Using same random number generator across multiple functions

and having experienced a few tricks has rised doubts in my conceptual understanding on random generators for multiple (different) distributions in c++. In particular:

  • Is it OK to use one generator for drawing numbers in different distributions (uniform, binomial, ...) as long as you don't multithread?

For instance, assume i'm using the following:

class Zsim {
    private:
     std::default_random_engine engine;
}

and initializing it in the constructor:

Zsim::Zsim(...)
{
    std::random_device rd;
    std::default_random_engine generator(rd());
    engine = generator;
}

and using it to draw n values (n possibly large) in different distributions (binomial and uniform), let say:

std::binomial_distribution<int> B_distribution(9, 0.5);
int number = B_distribution(engine);

std::uniform_real_distribution<double> R_distribution(0, 15);
position.x = R_distribution(engine);
position.y = R_distribution(engine);

is this considered OK?

Some pointed out that using std::random_device is nice while others suggested it can throw for a number of reasons and should be avoided or try/catched (see: Using same random number generator across multiple functions).

  • In using one random engine for multi distributions in c++11, it was suggested that, when simulating a random or brownian motion in n-dimensions (n=2 in the example given by MosteM), you need one generator per dimension, otherwise they become correlated, producing an artificial drift. While I agree with this assertion, what is the validity of this assertion given the (huge) period of the generator? If the simulation is large (high number of steps)? Should we always use one generator per dimension as a security? It appears to be in contradiction with the lead reply in how to generate uncorrelated random sequences using c++

  • Finally, given Zsim example, when you add a const qualifier to a method and draw for the binomial distribution:

    int Zscim::get_randomB() const
    { 
        std::binomial_distribution<int> B_distribution(9, 0.5); 
        int number = B_distribution(engine);
     }
    

the compiler throws an error: expression having type 'const std::tr1::default_random_engine' would lose some const-volatile qualifiers in order to call 'unsigned long std::tr1::mersenne_twister<_Ty,_Wx,_Nx,_Mx,_Rx,_Px,_Ux,_Sx,_Bx,_Tx,_Cx,_Lx>::operator()(void)

Suggesting that the generator 'engine' is altered in some way when calling the distribution. What is causing this?


Solution

  • If you read about UniformRandomBitGenerator you will find that the random generator will generate random bits which ideally are pretty much independent from one another, to the extent the PRNG in question can achieve this. So essentially every call to engine() will generate one almost uncorrelated integer. It's the task of the distribution to make the appropriate number of calls to this. A single bit distribution might make a single call to a 32bit engine for every 32 calls to the distribution itself, caching unused entropy between calls. Conversely a double precision number generator might use entropy from two 32bit engine results to determine all 53 mantissa bits of a double. The engine doesn't care which distribution consumes its random bits, so using the same engine in different distributions isn't a problem.
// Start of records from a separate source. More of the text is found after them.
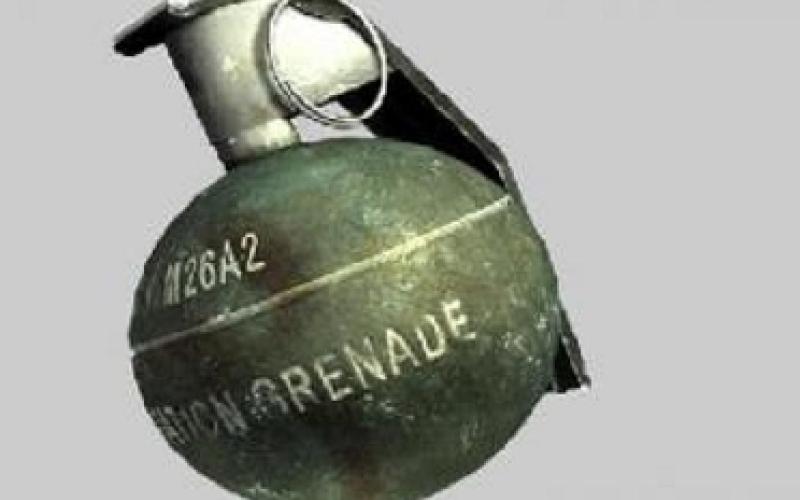 إغلاق شوارع في وسط البلد بعد اكتشاف قنبلة قديمة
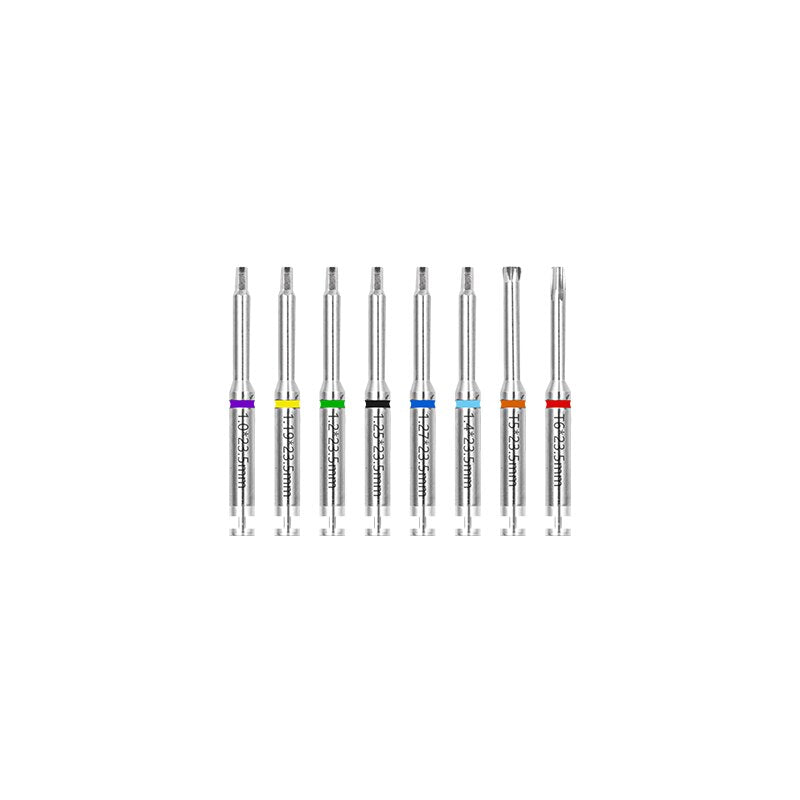 Dental Instrument Implant Torque Wrench Repair Kit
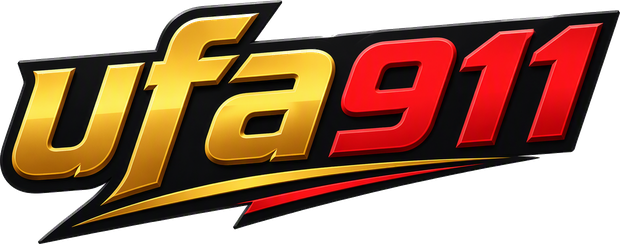 ufa911 logo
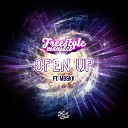Freestyle Maniacs feat MB KK - Open Up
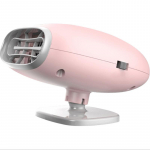 Autosoojendus, kiire soojendus, ohutu 12V 150W esiklaasi soojendus s&otilde;idukitele Package:13*9.5*7.5cm must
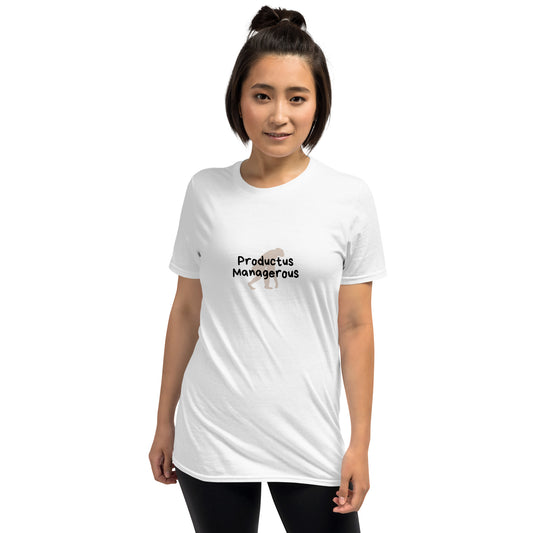 Productus Managerous Unisex T-Shirt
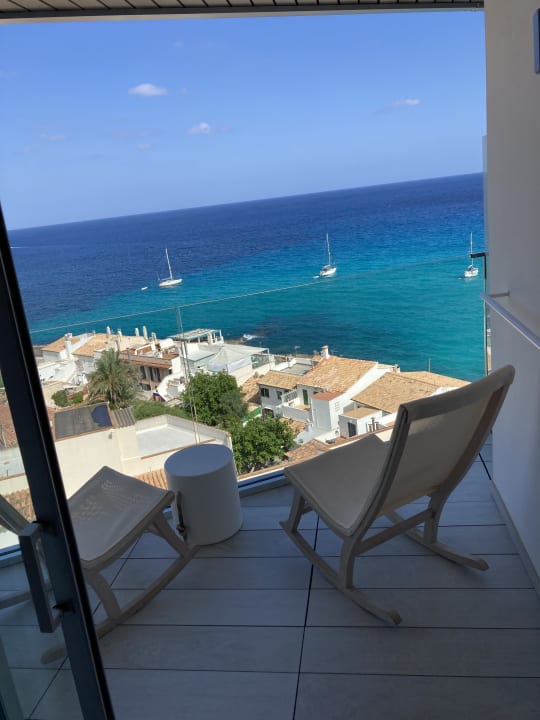 Zimmer Son Moll Sentits Hotel & Spa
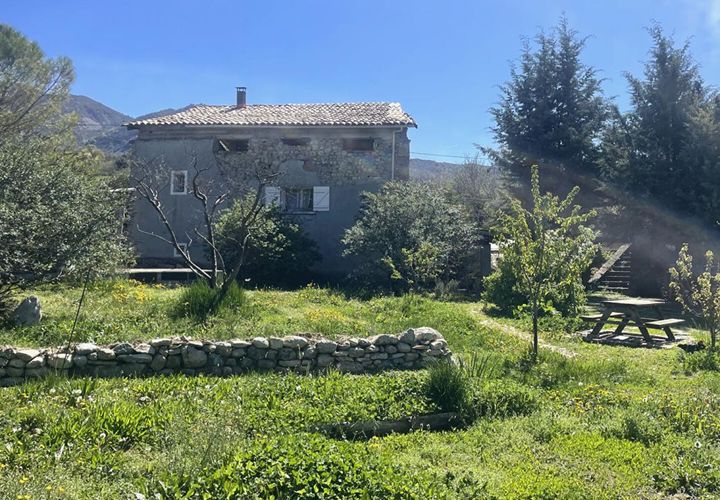 Villa i Thoard, Alpes-de-Haute-Provence, Thoard - € 249.000 | Ref: 415086THO - foto 1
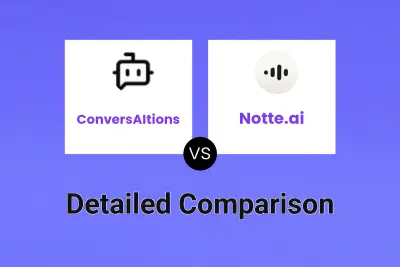 ConversAItions vs Notte.ai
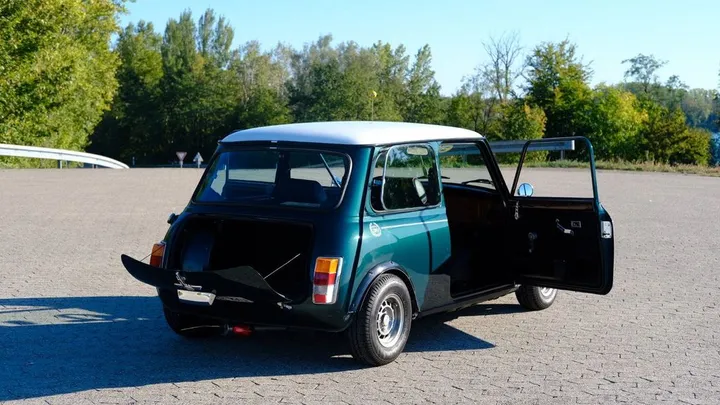 MINI 1300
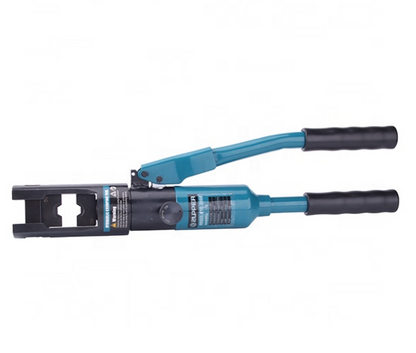 Kìm bấm cos ép thuỷ lực YQK-120, YQK-240, YQK-300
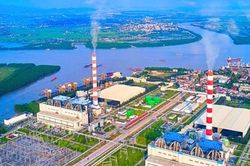 Nhiệt điện Hải Phòng (HND) chốt quyền trả cổ tức tiền mặt, lợi nhuận bán niên vượt kế hoạch năm
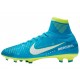 Tenis Nike Mercurial Superfly Dynamic Fit Neymar FG para niño - Envío Gratuito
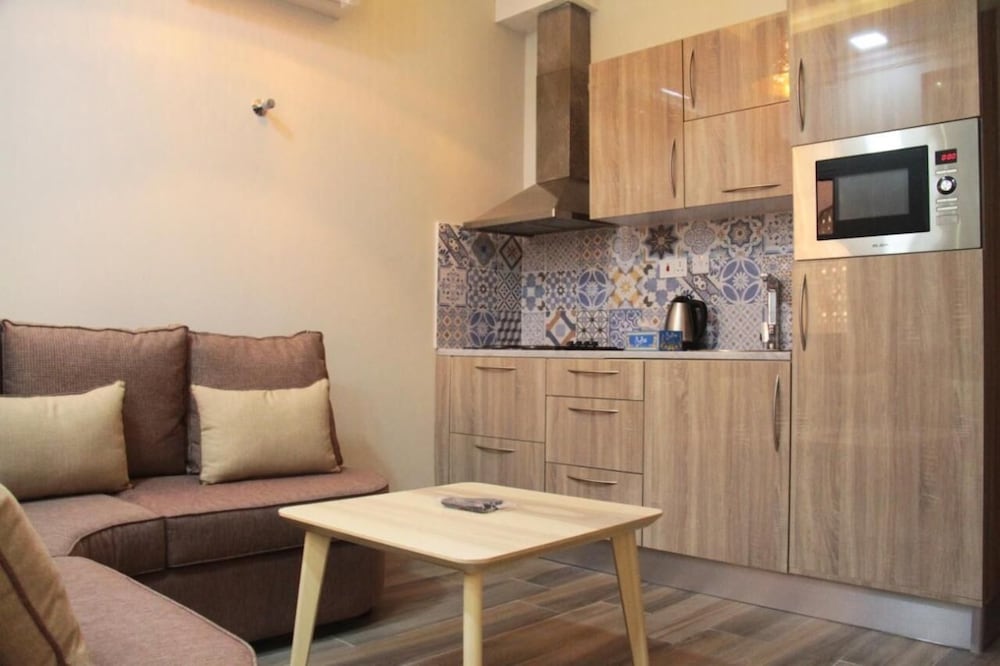 esra hotel apartments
    If you read https://en.wikipedia.org/wiki/Mersenne_Twister you will find that it is

    k-distributed to 32-bit accuracy for every 1 ≤ k ≤ 623 (for a definition of k-distributed, see below)

    So if you use std::mt19937 I'd say you should be safe to use the same engine in up to 623 different distributions, no matter whether they are of the same or different types. For more distributions it depends on how they are to be used, but in most cases I wouldn't worry too much either.